Test de produit

Play Suisse : l'idée est bonne, mais sa réalisation laisse à désirer

Luca Fontana
13/11/2020
Traduction: Stéphanie Casada

La SSR tente sa chance dans l'univers du streaming. Play Suisse, c'est comme ça que s'appelle l'application, ne veut pas être le Netflix suisse. Il s'agit plutôt d'une plateforme regroupant des documentaires, films et séries suisses. Et elle est gratuite. Je décide de l'essayer.

Play Suisse, le nouveau service de streaming de la SSR, est arrivé. Juste à temps pour le slow down du pays en raison du coronavirus. La plus grande entreprise média de Suisse ne pouvait guère rêver mieux ; on pourrait même parler de chance dans la malchance.

Bien que, et c'est Bakel Walden, membre de la direction de la SSR et responsable de Play Suisse, qui le dit, sans slow down, le festival du film de Genève aurait eu lieu. Le festival du film de Genève aurait en même temps été le tremplin parfait pour lancer le nouveau service de streaming dans les médias. Mais la société essaie de tirer le meilleur parti de la situation.

Play Suisse, quézaco ? Tout sauf une copie suisse de Netflix. Play Suisse n'a pas de modèle d'abonnement. Et aucun contenu exclusif ; les « Originals », comme on les appelle chez Netflix, Prime et cie. Au lieu de ça, Play Suisse se concentre sur un maximum de contenus accessibles, principalement des documentaires, films et séries suisses. Bakel Walden accorde beaucoup d'importance à proposer des contenus qui vont au-delà des barrières linguistiques.

Jetons-y un coup œil.

Alors... que peut-on regarder sur Play Suisse ?

Plus haut dans mon article, je vous ai parlé « d'une plateforme regroupant des documentaires, films et séries suisses. » Plus précisément, ça ne signifie... eh bien... rien de très concret. Même la SSR n'a pas listé quels ou combien de films, séries et documentaires sont actuellement diffusés sur Play Suisse.

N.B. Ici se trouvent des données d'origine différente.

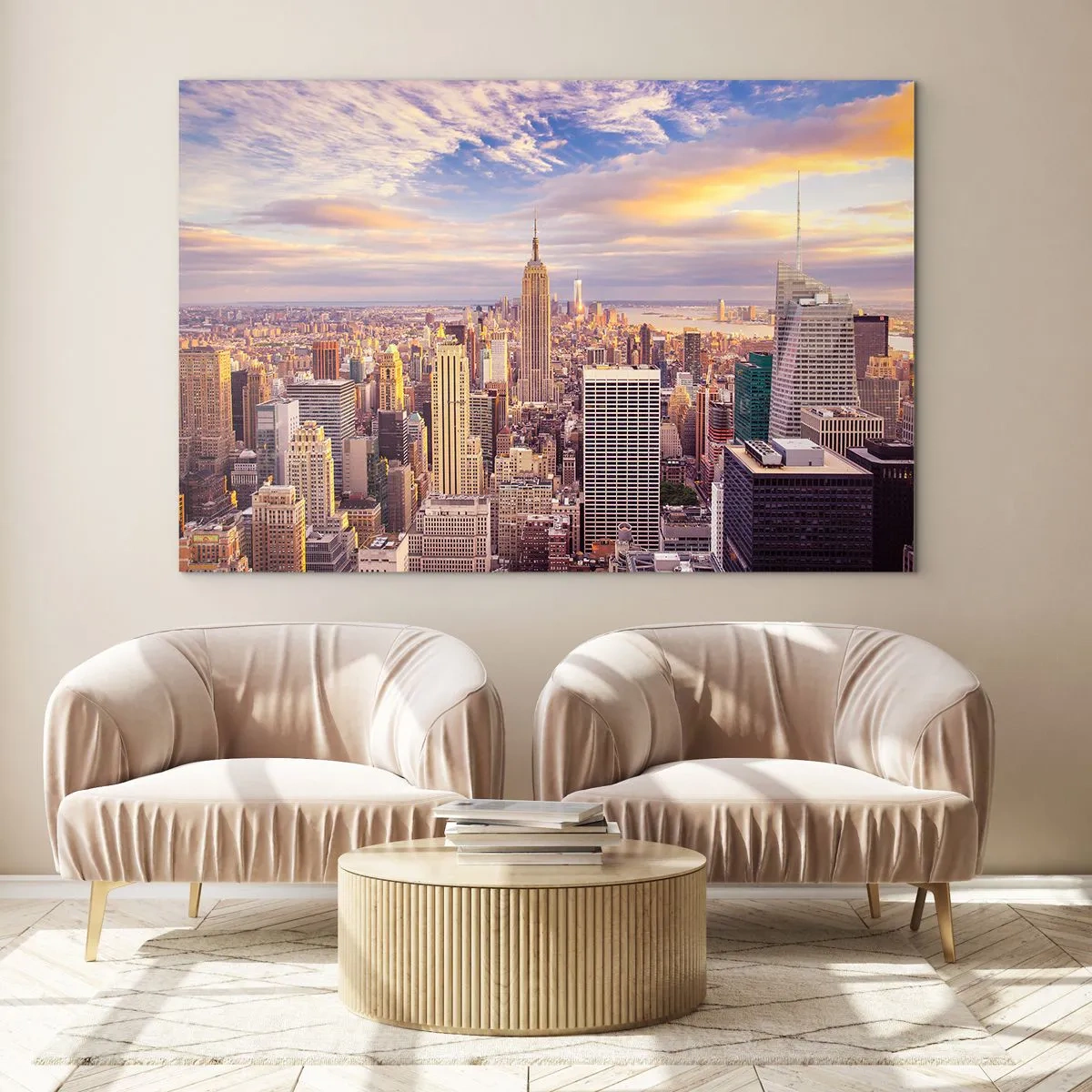 Quadro em vidro - Panorama da cidade com arranha-céus ao pôr do sol - 70x50cm - Alcançar as nuvens - Decoração de parede moderna para a sala de estar e quarto ARTTOR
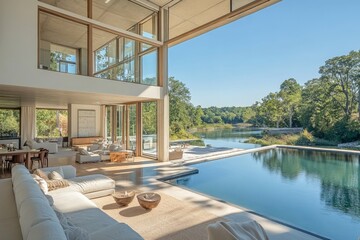 Fototapeta premium Modern architectural design features expansive view of lake and lush greenery in serene residential setting
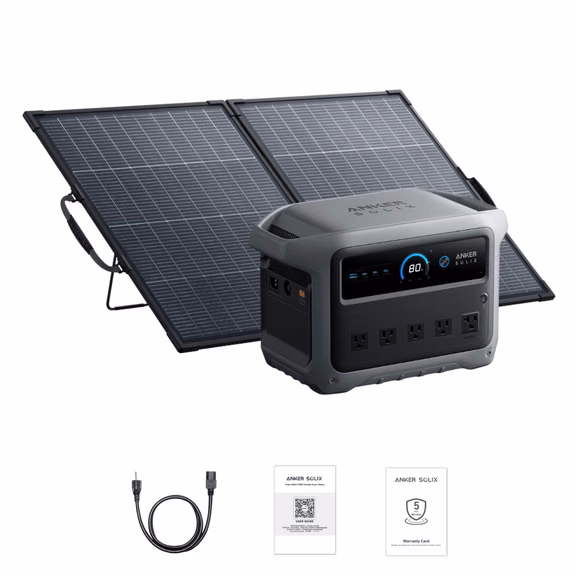 Anker SOLIX C1000 Gen2 2000W 1024Wh Portable Power Station – Anker SOLIX C1000 Gen2 + 200W Bifacial Solar Panel
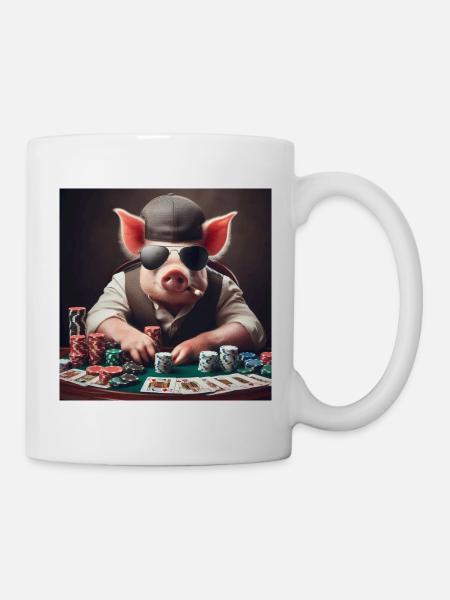 Cochon de poker - Mug blanc - blanc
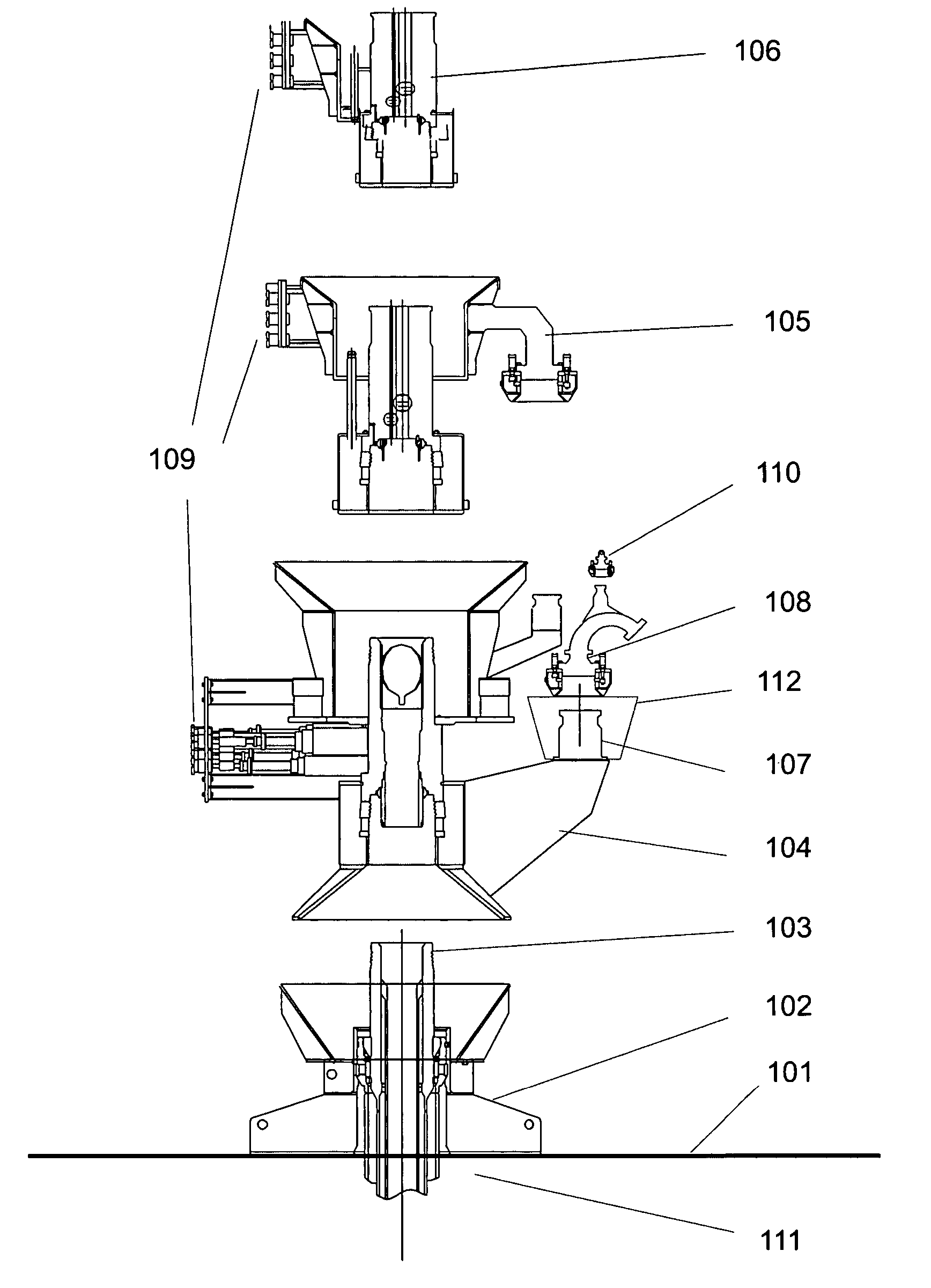 System for direct vertical connection between contiguous subsea equipment and method of installation of said connection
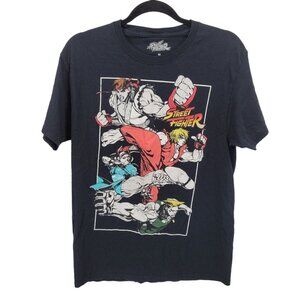 Street fighter mens medium black crew neck tshirt short sleeve 90s anime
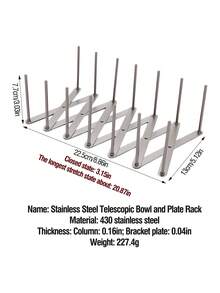 1pc Expandable 430 Stainless Steel Bowl & Plate Rack, 3/4/5/6/7 Slots Optional, Kitchen Cabinet Countertop Storage Rack, Pot Lid Organizer, Cookware Divider Rack, Drill-Free Practical Kitchen Tool For Home - View 15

Un exemple : la série Le prix de la paix (titre original Frieden) de la SSR fête actuellement sa première sur l'appli. On y trouve également le documentaire dramatique Gothard de 2016. Mais les fans de la série culte Le Croque-mort ( (titre original Der Bestatter), qui a été interrompue en 2019, cherchent Mike Müller en vain. Toutes les productions de la SSR ne figurent donc pas sur l'appli. Je me demande si ça va changer.

Ce qui est certain, c'est que Play Suisse ne veut pas concurrencer le cinéma. Bien au contraire. Play Suisse n'est pas un projet solo de la SSR, mais a été créé en étroite collaboration avec des cinéastes suisses. C'est pourquoi les films suisses devraient continuer à sortir au cinéma avant de suivre la chaîne d'exploitation habituelle. Ils sortent donc d'abord en Blu-Ray et en DVD, puis sont diffusés de manière linéaire à la télévision, pour ensuite se retrouver sur Play Suisse.

C'est une grande nouveauté pour le paysage cinématographique et télévisuel suisse. Play Suisse offre aux cinéastes une grande scène que le produit de niche qu'est le film suisse n'aurait guère eu autrement, surtout pas maintenant, en période de pandémie et de cinémas peu fréquentés. En outre, une partie de l'argent que la SSR investit dans les droits de diffusion en continu est susceptible de revenir à l'industrie. La SSR comme promoteur du cinéma suisse ? Peut-être.

Play Suisse veut également montrer ses propres productions et des coproductions réalisées avec d'autres sociétés de médias privées. Des films, des documentaires (beaucoup de documentaires), mais aussi des séries télévisées. Et le tout gratuitement et sans publicité. La SSR n'est de toute façon pas autorisée à faire de la publicité en ligne.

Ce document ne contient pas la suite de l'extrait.